La possession et la notion de contrôle
[93] Cela étant dit, l’appelant a raison que le seul fait d’occuper une pièce n’entraîne pas la possession, au sens du Code criminel, de ce qui s’y trouve : R. v. Bertucci, (2002), 2002 CanLII 41779 (ON CA), 169 CCC (3d) 453, par. 18 (C.A.O.); R. v. Watson, 2011 ONCA 437, par. 13; R. v. Choudhury, 2021 ONCA 560, par. 19. Le même raisonnement a été appliqué pour des choses trouvées dans un véhicule conduit par un accusé. Si le fait d’avoir la garde et le contrôle d’un véhicule peut contribuer à la démonstration d’une possession au sens du Code criminel, ce seul fait ne crée aucune présomption : R. v. Lincoln, 2012 ONCA 542, par. 2-3.

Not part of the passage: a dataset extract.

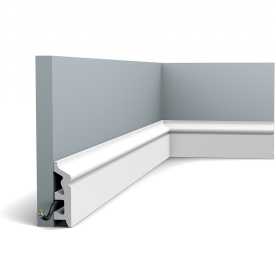 Плинтус широкий, под покраску Orac decor из дюрополимера SX122 (79*22*2000) Плинтус широкий, под покраску Orac decor из дюрополимера SX122 (79*22*2000)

[94] Il demeure que le fait d’occuper une pièce autorise parfois le juge des faits à tirer l’inférence que les choses qui s’y trouvent sont, au sens du Code criminel, en possession de l’occupant « en tenant compte de la norme de preuve applicable dans une affaire criminelle [c’est-à-dire] que la culpabilité de l’accusé était la seule conclusion raisonnable qui pouvait être tirée de l’ensemble de la preuve » : R. c. Villaroman, 2016 CSC 33 (CanLII), [2016] 1 R.C.S. 1000, par. 55.

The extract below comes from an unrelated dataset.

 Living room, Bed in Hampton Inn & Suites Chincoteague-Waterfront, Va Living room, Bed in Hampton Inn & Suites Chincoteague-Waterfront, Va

[95] En d’autres mots, « lorsqu’une personne est l’occupant d’une chambre, un appartement où une maison où des stupéfiants sont retrouvés, un juge peut être justifié d’inférer que cette personne connaissait la présence des stupéfiants et qu’il exerçait des mesures de contrôle sur ceux-ci, selon l’ensemble des circonstances mis en preuve » : R. c. Brideau, 2022 QCCA 452, par. 9 (je souligne), citant R. c. Landry, 2017 QCCA 729 qui s’appuyait sur les auteurs Bruce MacFarlane, Robert Frater et Chantal Proulx, Drug Offences in Canada, 3e éd., vol. 1, Aurora, Canada Law Book, 2009, (feuilles mobiles, mise à jour n° 125, mars 2016), n° 3:1734., par. 4.3700.
[96] Notre Cour, dans l’arrêt Landry, accepte qu’une chambre à coucher soit un endroit privé et qu’il s’agisse d’un élément pertinent dans l’évaluation : R. c. Landry, 2017 QCCA 729, par. 6. Il faut ensuite examiner les circonstances. Dans cette affaire, il y avait plus. La Cour y note que « [l]’appelante contrôlait ce qui pouvait se trouver dans son appartement comme en fait foi notamment sa décision d’interdire à l’occupant Robichaud d’y emmener et d’y entreposer des armes à feu. Cela était encore plus vrai en ce qui a trait à sa chambre à coucher… » : Landry, par. 6.
[97] Il est permis de la même façon d’inférer la possession lorsque l’objet illégal se trouve dans une boîte au milieu de la principale pièce de vie d’une petite unité d’habitation qu’occupe l’accusé avec sa famille depuis plusieurs années : R. v. Singh (J.), 2004 BCCA 428, par. 12; R. v. MacLeod, 2013 MBCA 48, par. 39. La même chose si une arme se trouve dans un sac au pied d’un passager d’une voiture : R. c. Vernelus, 2022 QCCA 138, conf. sommairement à 2022 CSC 53.